▶ _Material provided_
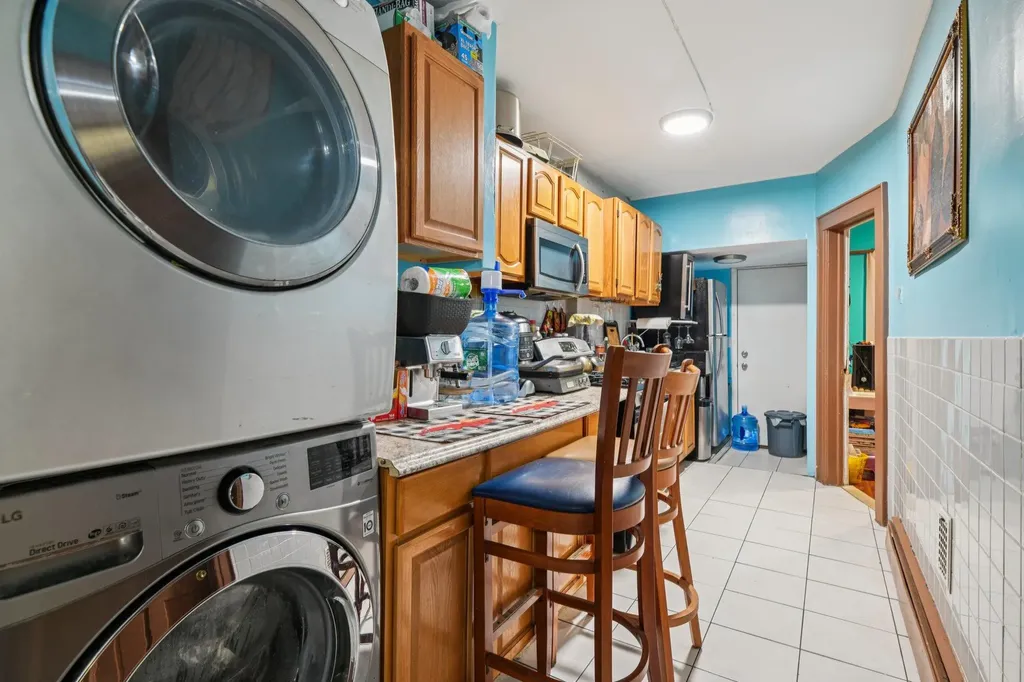 9406 76th Street Ozone Park NY 11416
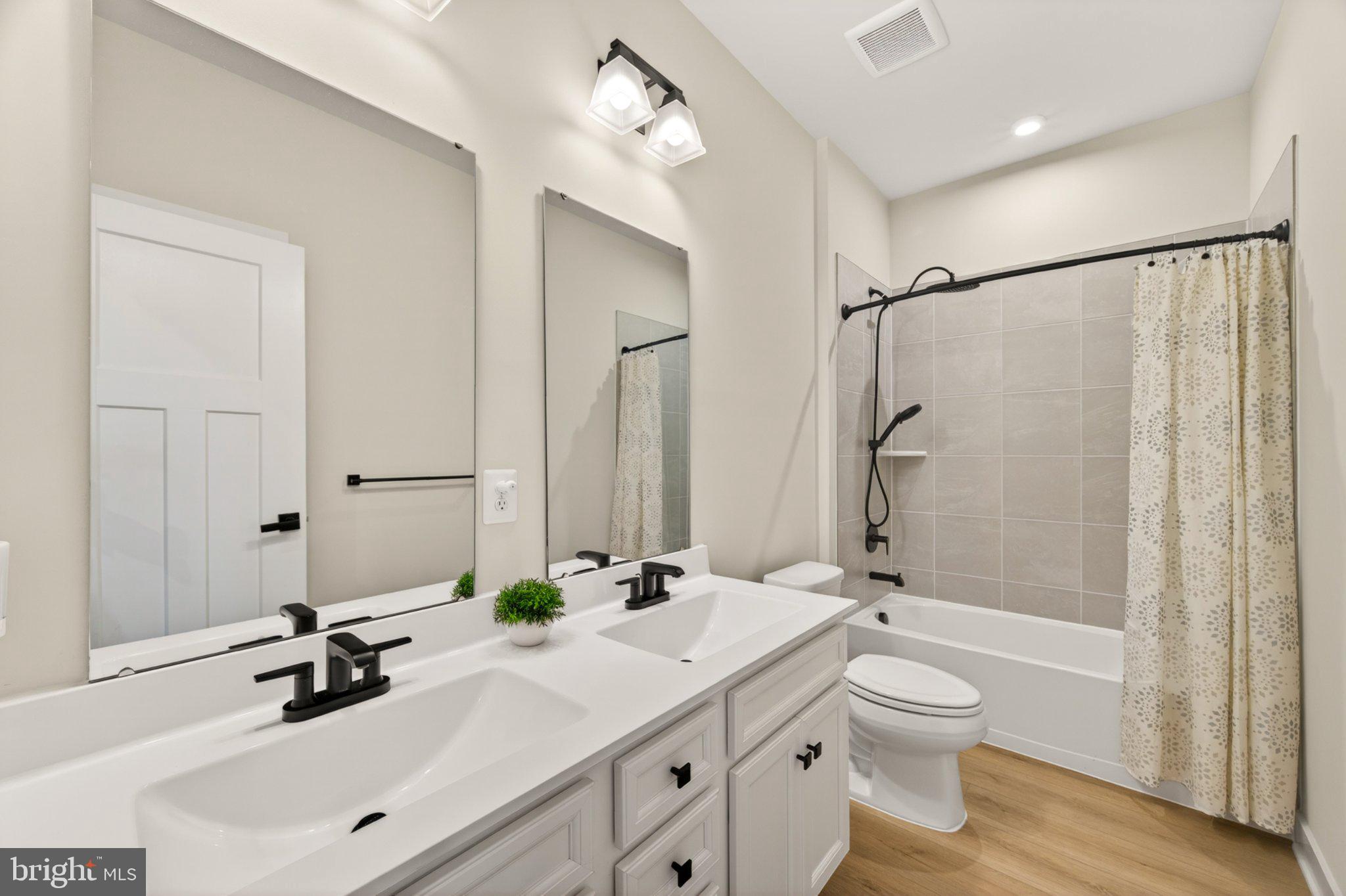 BRUNSWICK CROSSING - Residential
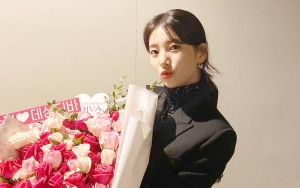 Suzy Foto Gaya Bebas di Jalanan Alaska Laporkan Rampung Syuting 'Anna'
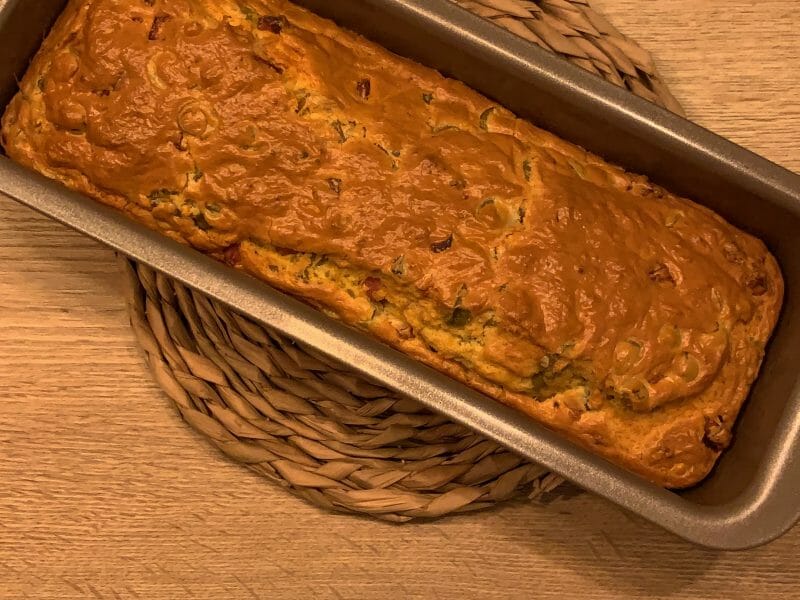 Cliquez pour zoomer ! Cake salé jambon fromage et olives Thermomix par chezchatou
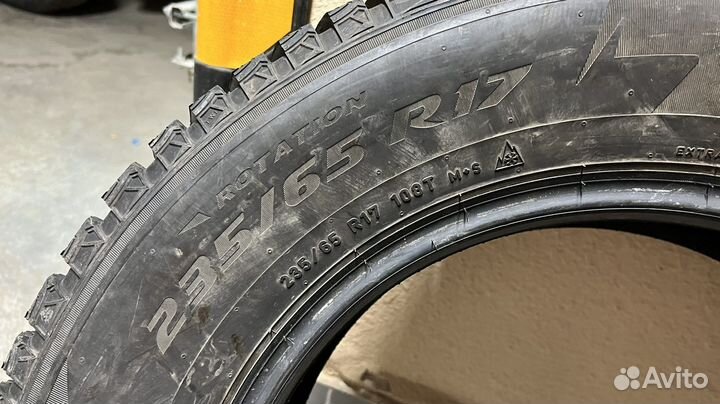 Pirelli Scorpion Ice Zero 2 235/65 R17 108T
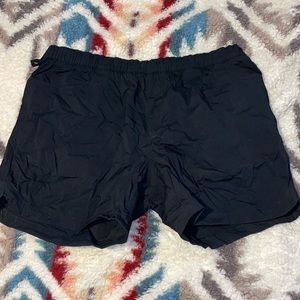 Women’s black Carhartt shorts size large relaxed, fit new without tags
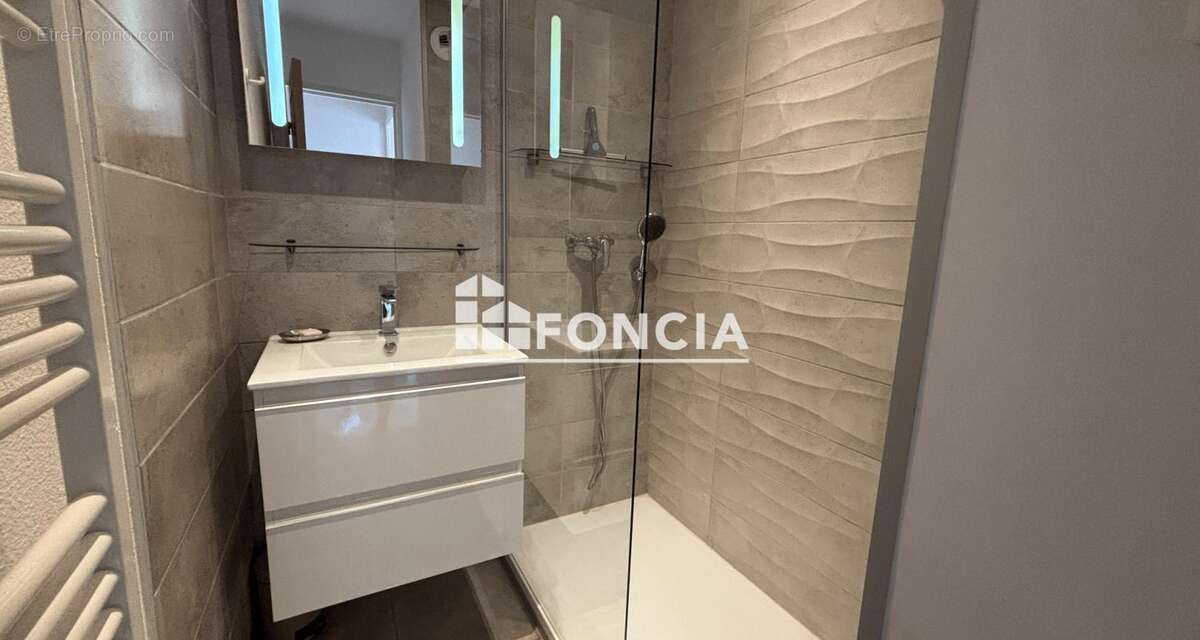 Appartement à SIX-FOURS-LES-PLAGES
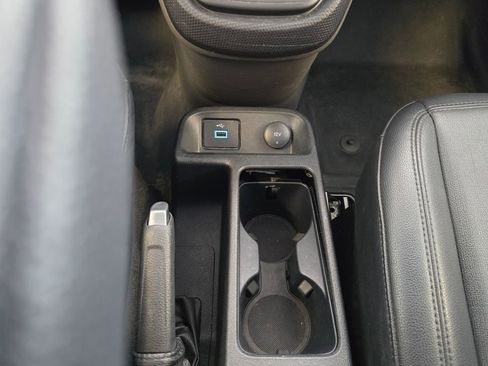 Used 2023 Ford Transit Connect XL image 13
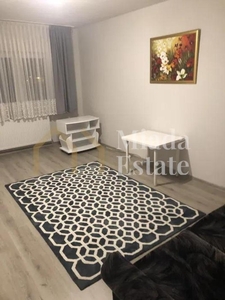 Apartament cu 3 camere, Zona Badea Cartan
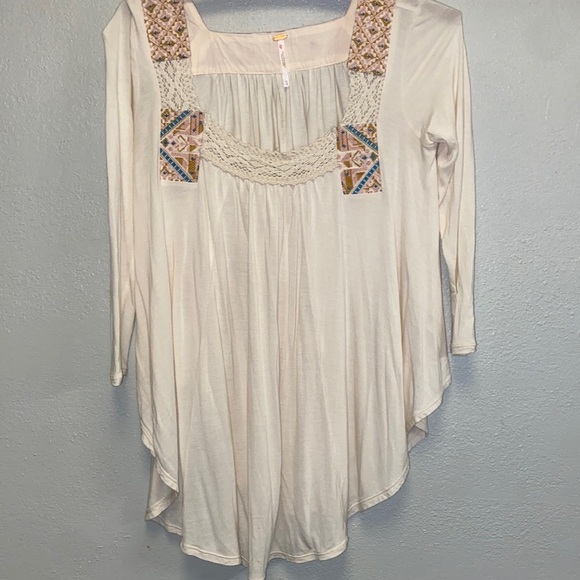 Free People Tops - Free People Size XS Cream 3/4 Sleeve Embroidered Embellished Boho Tee 4767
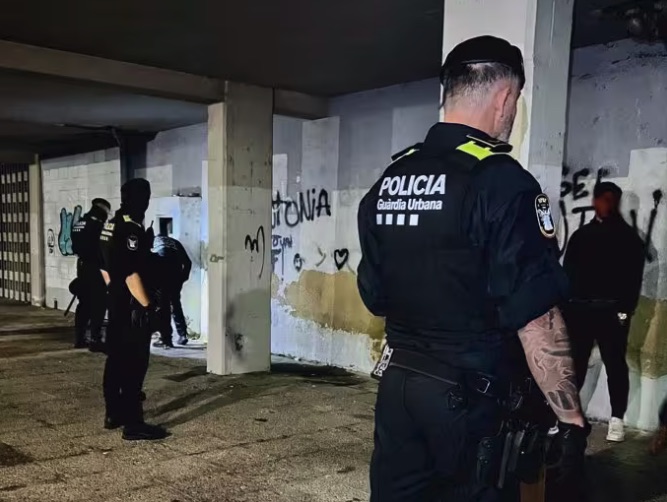 Balance final del macrooperativo policial en el barrio de Campclar (Tarragona): 4 detenidos y 452 identificados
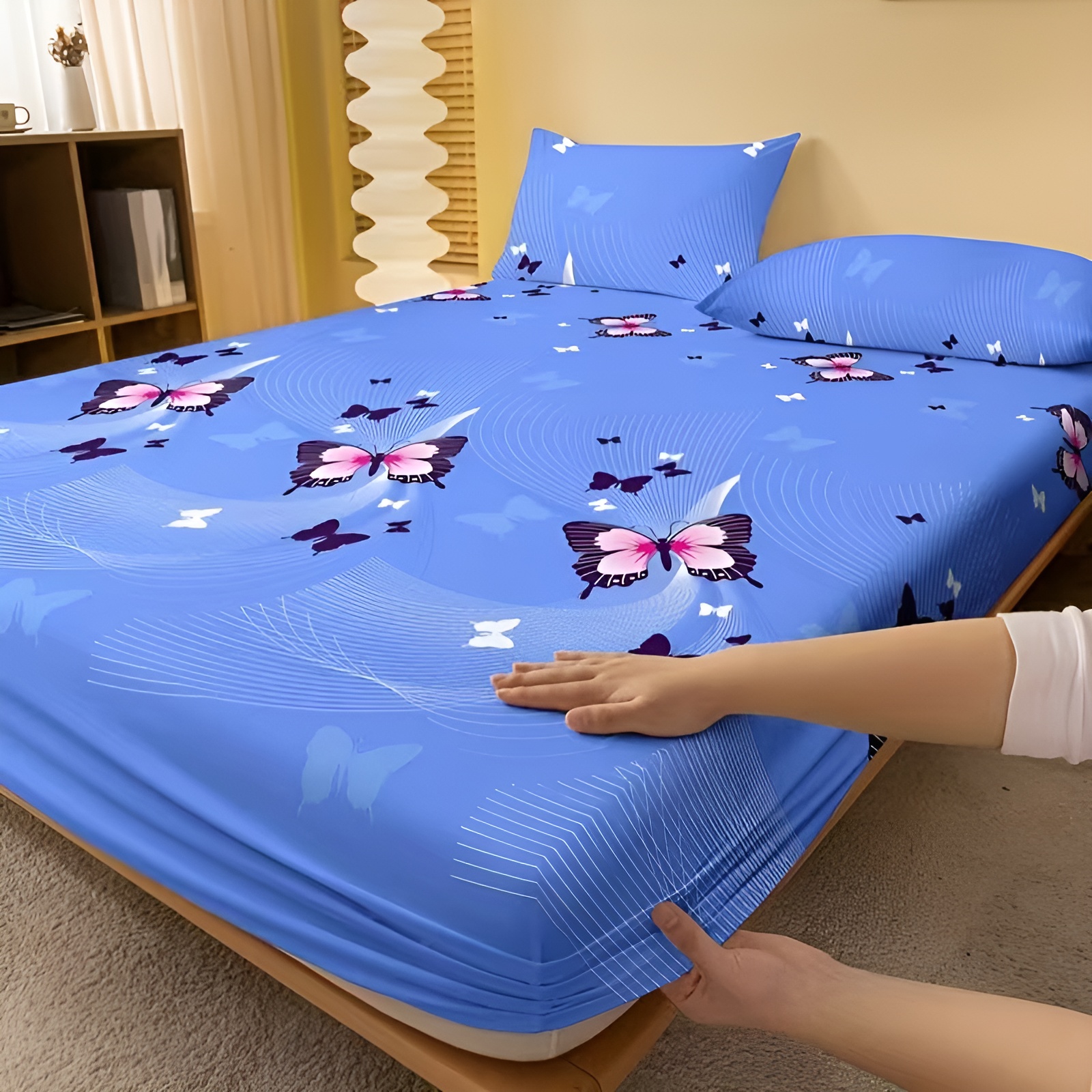 Printed Flannel Fitted Bed Sheet With Butterfly Design For Bedroom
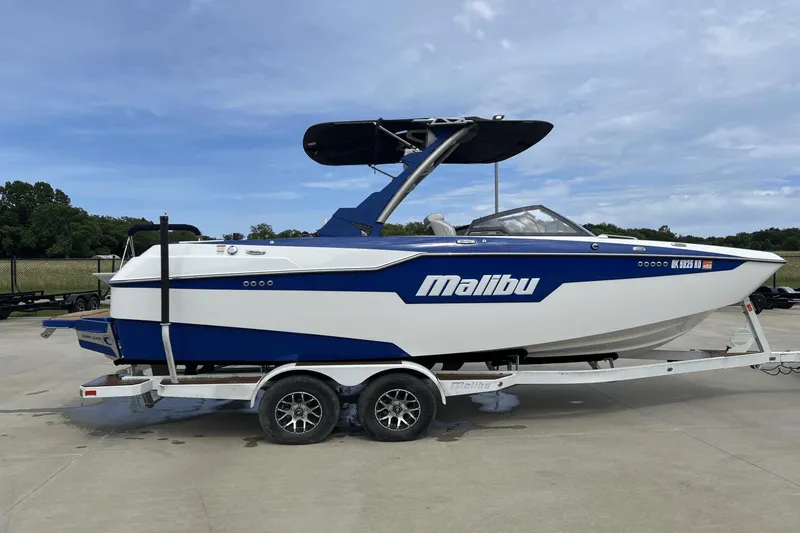 Slide: The Image of Malibu M220 2021 - 2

▶ _What you will do_
Only the lines from the line that contains "Printed Flannel Fitted" through the end of the entries are to be written out, exactly and without pictures, both ends included.

▶ _Written reply_
 Printed Flannel Fitted Bed Sheet With Butterfly Design For Bedroom
 Slide: The Image of Malibu M220 2021 - 2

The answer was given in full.